Second, people that don’t run will never understand why we get so excited about running. I’m personally not sure why people get excited about reeling in a big fish. I don’t enjoy tracking down a tough software engineering problem. I may never get excited about birthday parties, large trucks or bowling alleys. We’re all different. We like different things and we get excited about different things. Running is our thing and they will never get it. It doesn’t matter if we’ve shaved 31 minutes off of our life-time PR or just found the perfect pair of shoes for running in mud. It also doesn’t matter if we’ve run 50 marathons in 50 states or done “a real bitch that nearly killed us.” They still won’t get it. And that’s fine. The important thing is that we are happy, fulfilled and joyful. All of us. It’s about acceptance and allowance. Let me run in peace and I will let you fish in peace. But please don’t try to force me to come fishing with you and I won’t make you run with me.

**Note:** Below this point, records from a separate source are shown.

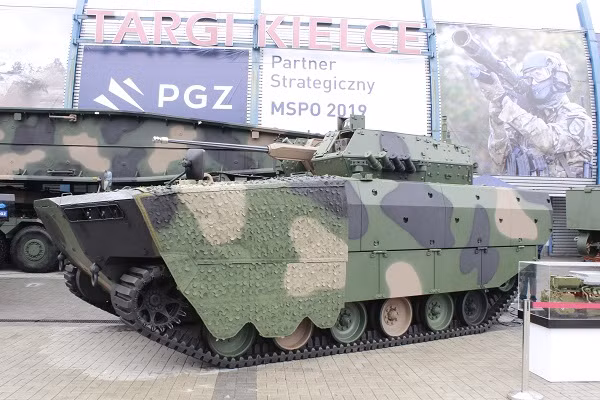 Borsuk được trang bị tháp mô-đun chiến đấu không người ZSSW-30 ở giữa thân xe với khoang chở quân kéo dài về phía sau. Tháp không có người hoàn toàn tự động được trang bị pháo tự động Orbital ATK Mk 44S Bushmaster II 30mm của Mỹ - là một mẫu vũ khí khá hiệu quả và trở nên phổ biến trên thế giới trong những năm gần đây. Nó sử dụng loại đạn rộng 30x173mm, giống như pháo 7 nòng GAU-8 Avenger trên máy bay cường kích A-10 Thunderbolt II (Mỹ). Trong cơ số đạn bao gồm đạn cháy-giáp, nổ mảnh cao và đạn pháo có lõi thép xuyên giáp hình lông vũ; tầm bắn hiệu quả 3.000m, cơ số đạn 200 viên và tốc độ bắn 200 viên/phút. Điểm đặc biệt của loại pháo này là khả năng chuyển đổi thành phiên bản 40mm bắn đạn 40x180mm.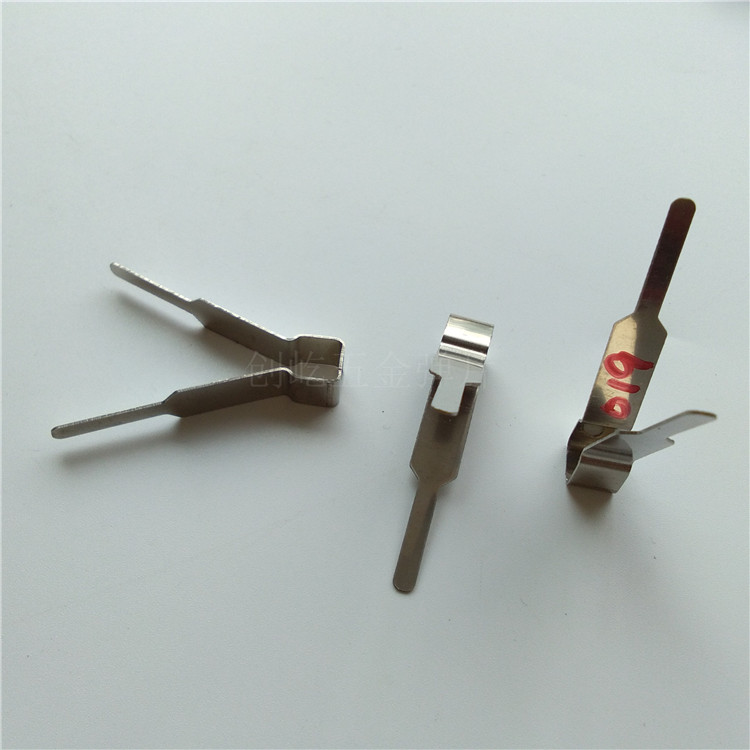 供應(yīng)二次治具鋼線噴油夾具 涂裝治具鋼片噴漆夾子價(jià)格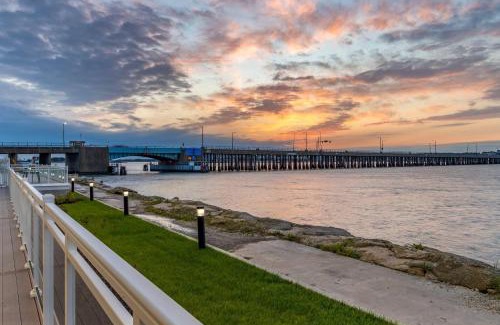 Ocean City Hotel | Cambria Hotel Ocean City - Bayfront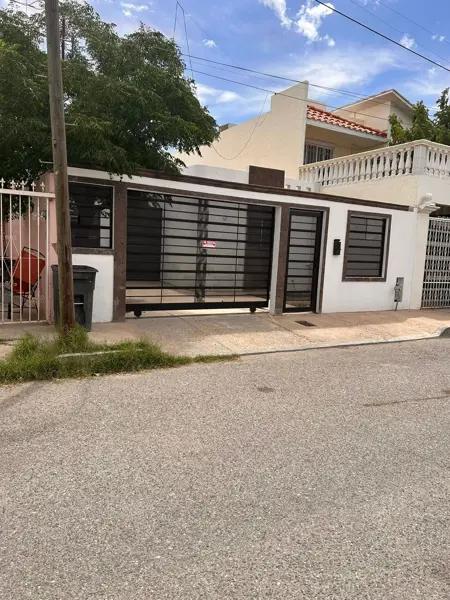 CASA DE UN PISO EN RENTA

Third, it isn’t the distance that matters, it’s the effort that we put into it. People ask me all of the time why I would “bother” running 5K road races. People have also marveled at the fact that at times I have logged forty or fifty miles of running and walking in a day on marathon courses. You can pack a lot of effort into a short distance. It’s not the quantity of miles, it’s the quality of the effort. We decide where we focus and it’s our attention that makes the experience meaningful. There are times when we really need to focus. There are times when we have to muster all of our energy and put everything into it. At those times, do it and don’t get distracted by anything else. There are times to slow down and relax too. It’s not about the things we do, it’s about how we do them.
Fourth, the first time you do something is just practice for doing it better the next time. The reason that runners run the same routes and do the same races is that they have learned that it gets better with practice. Runners often say that they will “never do another marathon” or Ironman or whatever. Those words are a reaction that pop out of the brain before they have had time to digest the experience. A little bit later on — the amount of time varying from runner to runner — they will come to believe that they could do it better the next time around. This is why we humans get better at things. We learn from our mistakes. Runners make plenty of mistakes and learn plenty of lessons the hard way. We aren’t deterred, because we are engaged in learning. Sometimes we will screw things up the first time, but give us a few chances and we will eventually get it right.
Fifth, running is a dirty, sweaty, smelly, slimy, salty, shit inducing experience that occasionally causes us to throw-up. The key is simply to take a shower quickly after you run so that other people don’t have to be dragged into the experience with you. And, if you’re hanging out with runners, watch out so they don’t puke on your shoes. Thankfully we can be dirty, sweaty, smelly, slimy and salty and none of that has to get in the way of finding the joy and meaning in it all. Wait, am I writing about running or life in general?
I hope you find the joy and meaning in your run.